Bozburun'u da ziyaret edip, gönlünü aldıktan sonra, bu kez değişik bir yoldan Söğüt üzerinden dönmeyi planladık.
Söğüt yolu üzerinde, denizin usulca karaya sokulduğu çok güzel yerler var..
8 km.lik yol asfalt ve virajlı.. Denize paralel, fakat çok yukarıdan gidiyorsunuz. Sonuçta ulaştığımız Bördübet'i hayal ettiğimiz gibi bulamadık.
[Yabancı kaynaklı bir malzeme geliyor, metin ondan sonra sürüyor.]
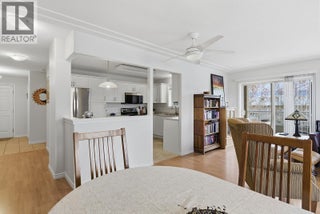 1966 Durnin Road Unit# 406. Kelowna, British Columbia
Ağaçları, küçük deresi, çeşit çeşit bitkileri ile koyun doğal güzelliği, arada etrafı çitlerle çevrili otellerin yapaylığıyla bozulmuş.. Çevre kirli..
Bördübet Koyundaki gezintiden sonra, Datça'ya yöneldik. 50 km. civarında bir yol.. Karşıda Ören, Türkevleri, özellikle de yüksek olması nedeniyle Kemerköy Termik Santralinin bacası görülüyor.
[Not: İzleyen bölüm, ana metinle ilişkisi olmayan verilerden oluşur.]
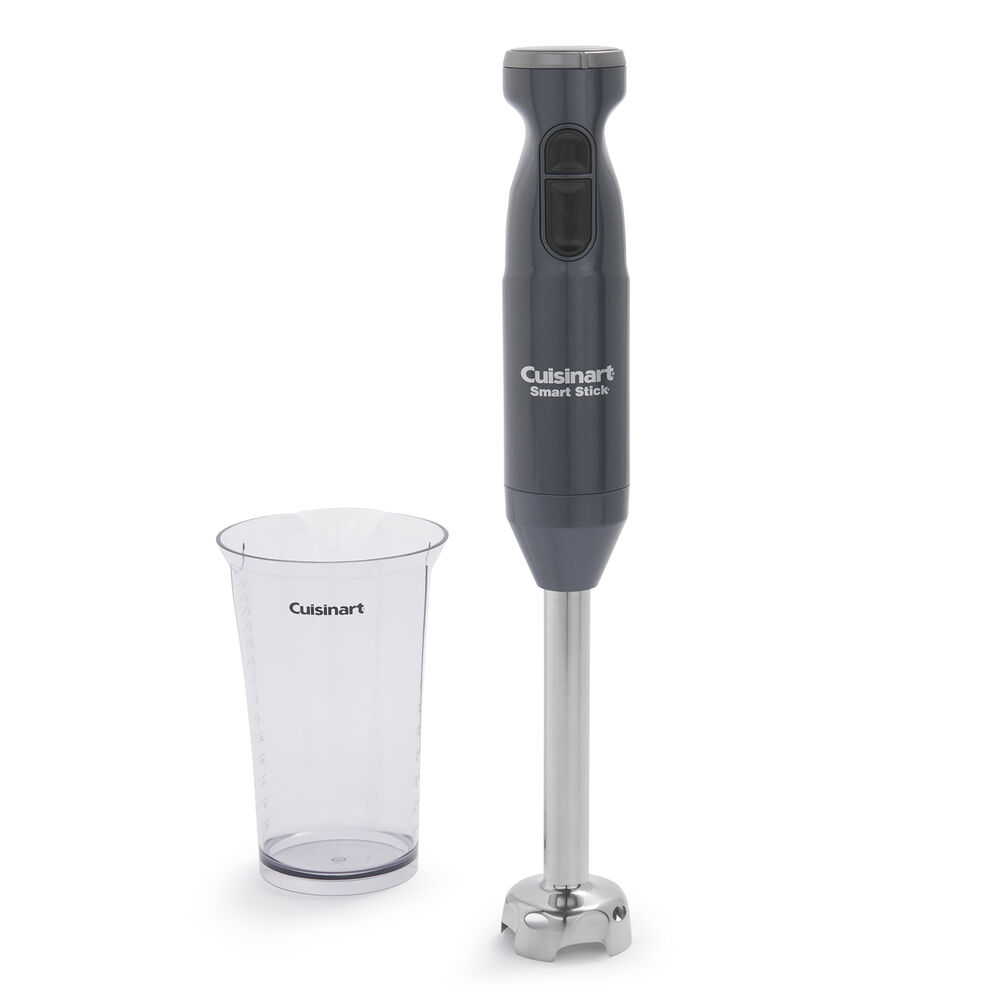 Cuisinart Smart Stick Hand Blender | Sur La Table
Bizim yıllardır tatlı suda yüzdüklerini bildiğimiz ördekleri artık denizlerde görüyoruz.. Onlar da değişikliğe uğramışlar.. ??? ??? Güneşin tadını çıkarıyorlar, nazlı nazlı denizde yüzerken...
Bu tarihi sarnıç da, yeldeğirmenleri gibi duvar içine alınmış.. Ancak, yukardan geçerken görebiliyorsunuz.. Tıpkı Cunda'daki Ayışığı Manastırı, Tirilye'deki Aiga Panaiga Manastırı gibi, kişilere tapulanmış..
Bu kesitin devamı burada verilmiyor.